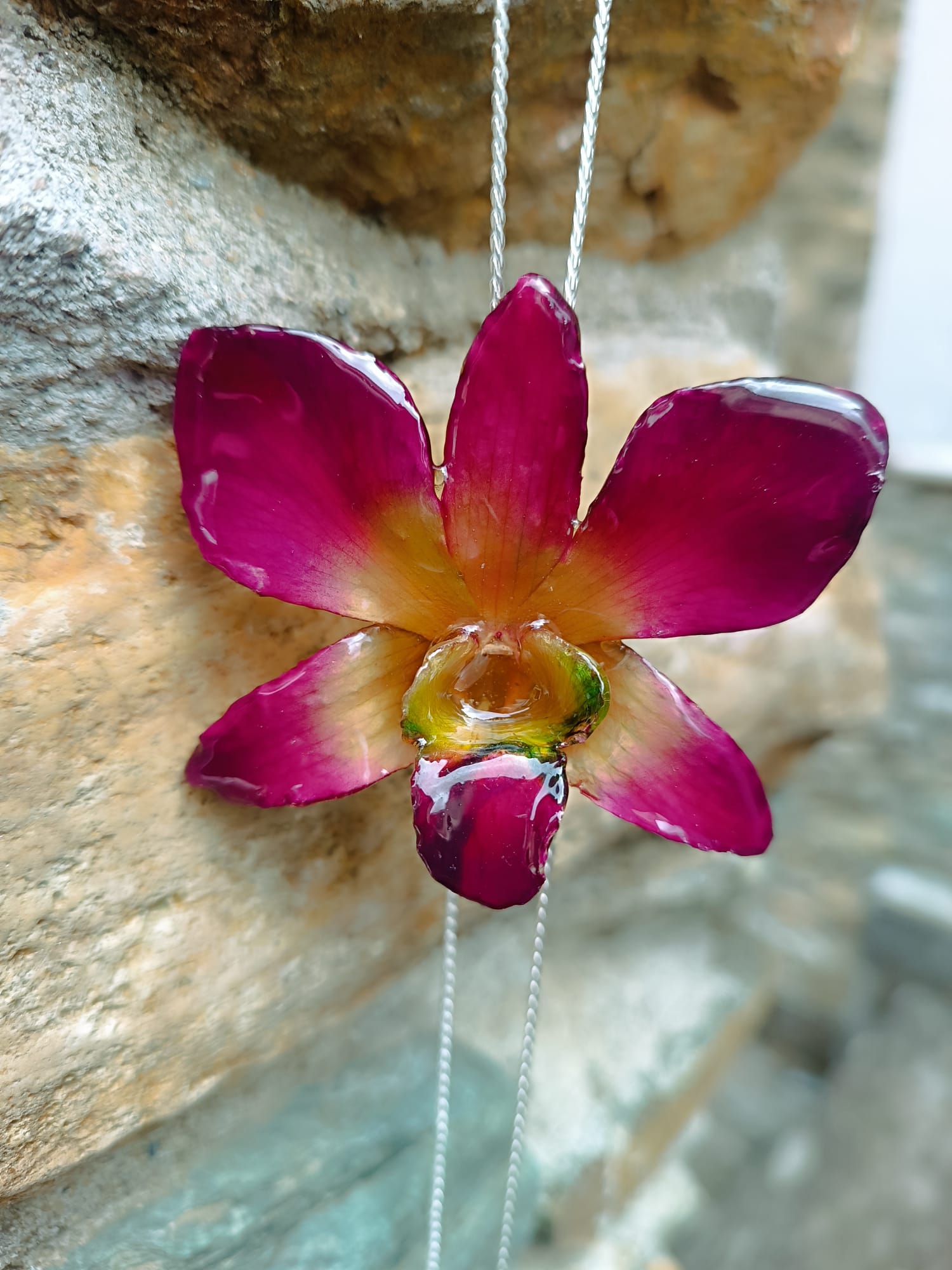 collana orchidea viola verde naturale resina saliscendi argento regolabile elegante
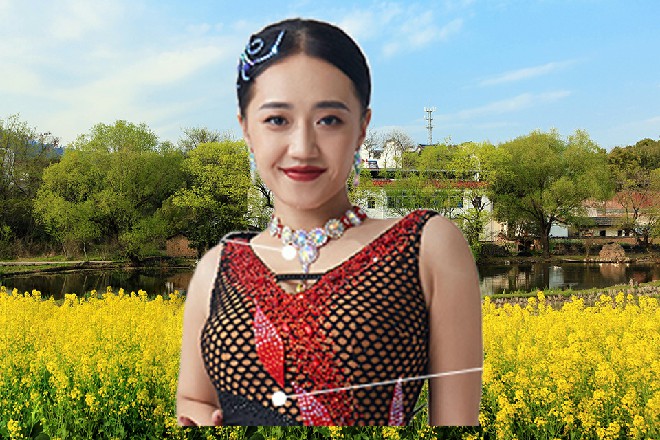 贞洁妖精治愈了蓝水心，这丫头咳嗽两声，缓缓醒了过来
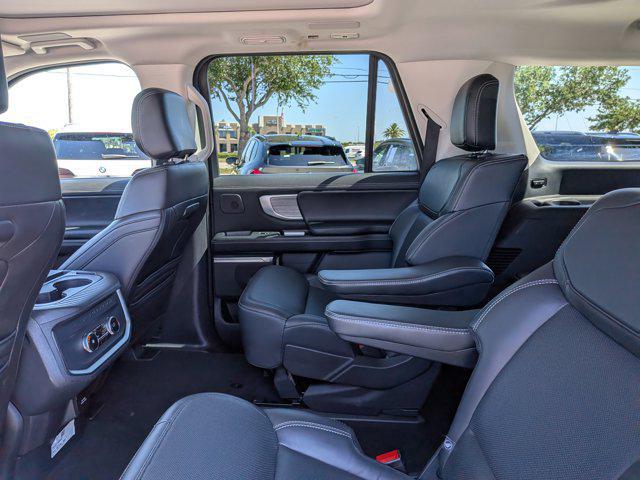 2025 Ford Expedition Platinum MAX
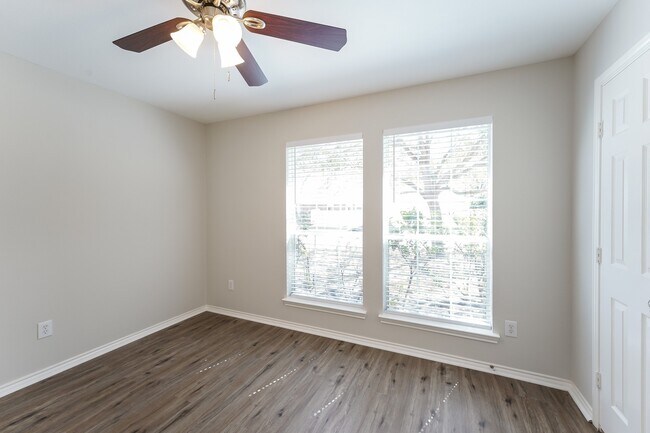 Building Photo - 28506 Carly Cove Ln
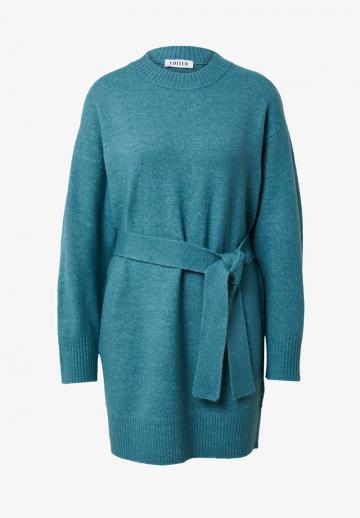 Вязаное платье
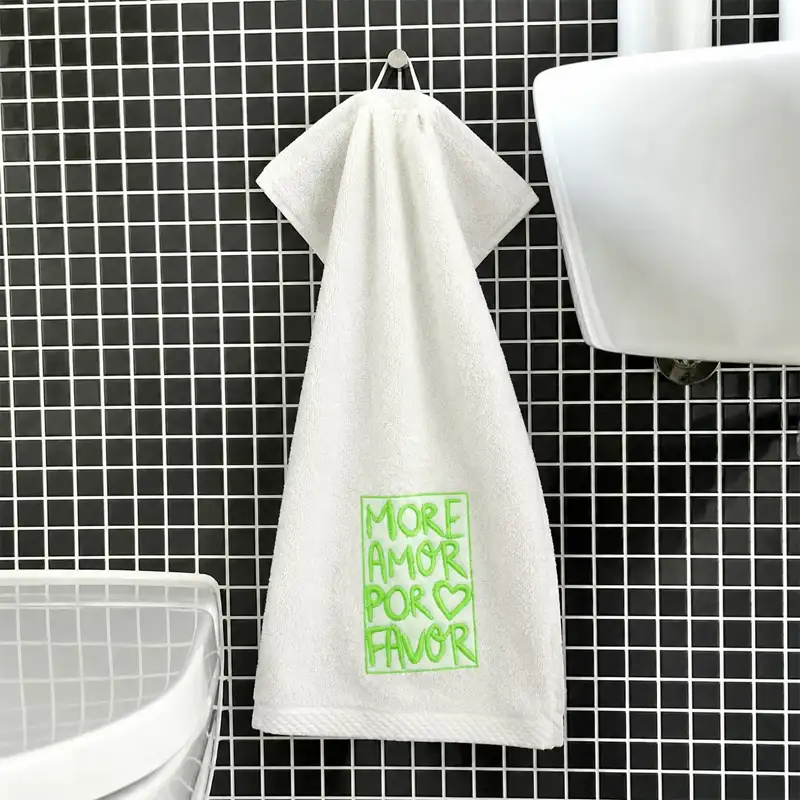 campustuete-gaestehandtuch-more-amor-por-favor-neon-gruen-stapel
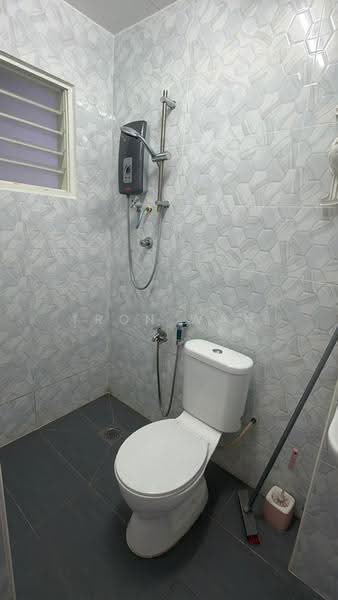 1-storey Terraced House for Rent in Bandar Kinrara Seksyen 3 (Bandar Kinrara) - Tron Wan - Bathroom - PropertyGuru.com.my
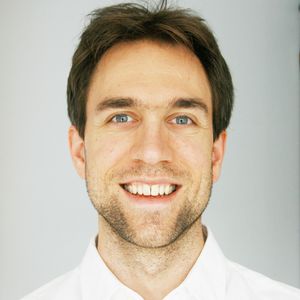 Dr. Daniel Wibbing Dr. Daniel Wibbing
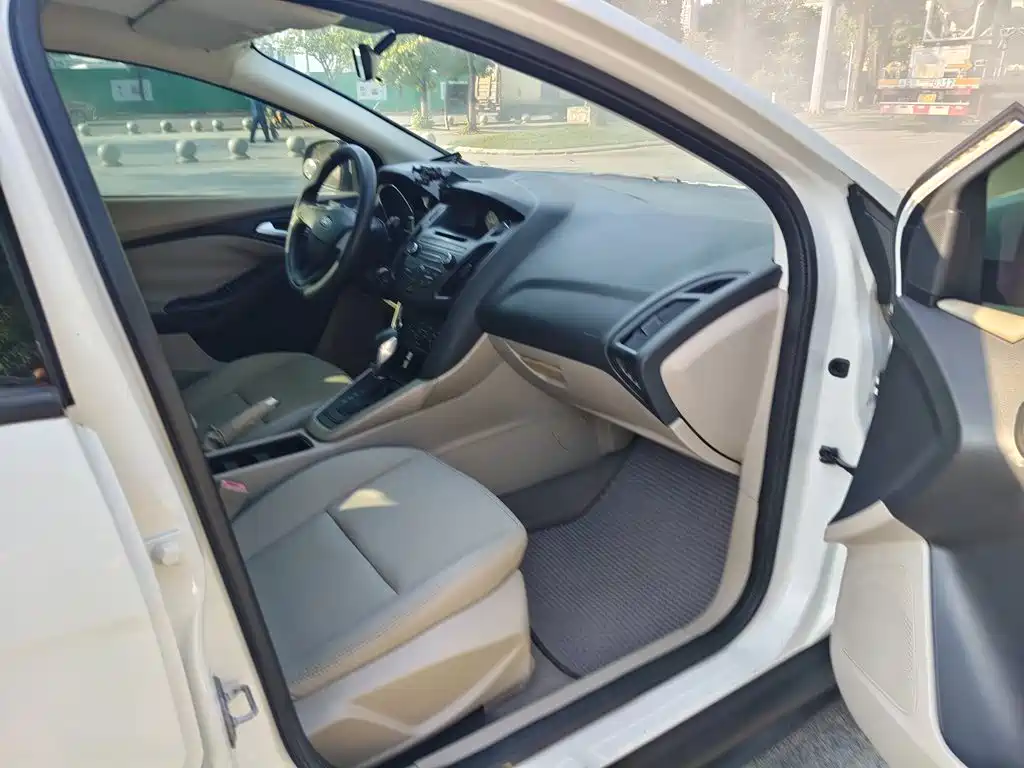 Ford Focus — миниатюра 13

> **TASK BRIEF**
All of the data must be given again exactly, without the pictures.

> **COMPLETED TASK**
 collana orchidea viola verde naturale resina saliscendi argento regolabile elegante
 贞洁妖精治愈了蓝水心，这丫头咳嗽两声，缓缓醒了过来
 2025 Ford Expedition Platinum MAX
 Building Photo - 28506 Carly Cove Ln
 Вязаное платье
 campustuete-gaestehandtuch-more-amor-por-favor-neon-gruen-stapel
 1-storey Terraced House for Rent in Bandar Kinrara Seksyen 3 (Bandar Kinrara) - Tron Wan - Bathroom - PropertyGuru.com.my
 Dr. Daniel Wibbing Dr. Daniel Wibbing
 Ford Focus — миниатюра 13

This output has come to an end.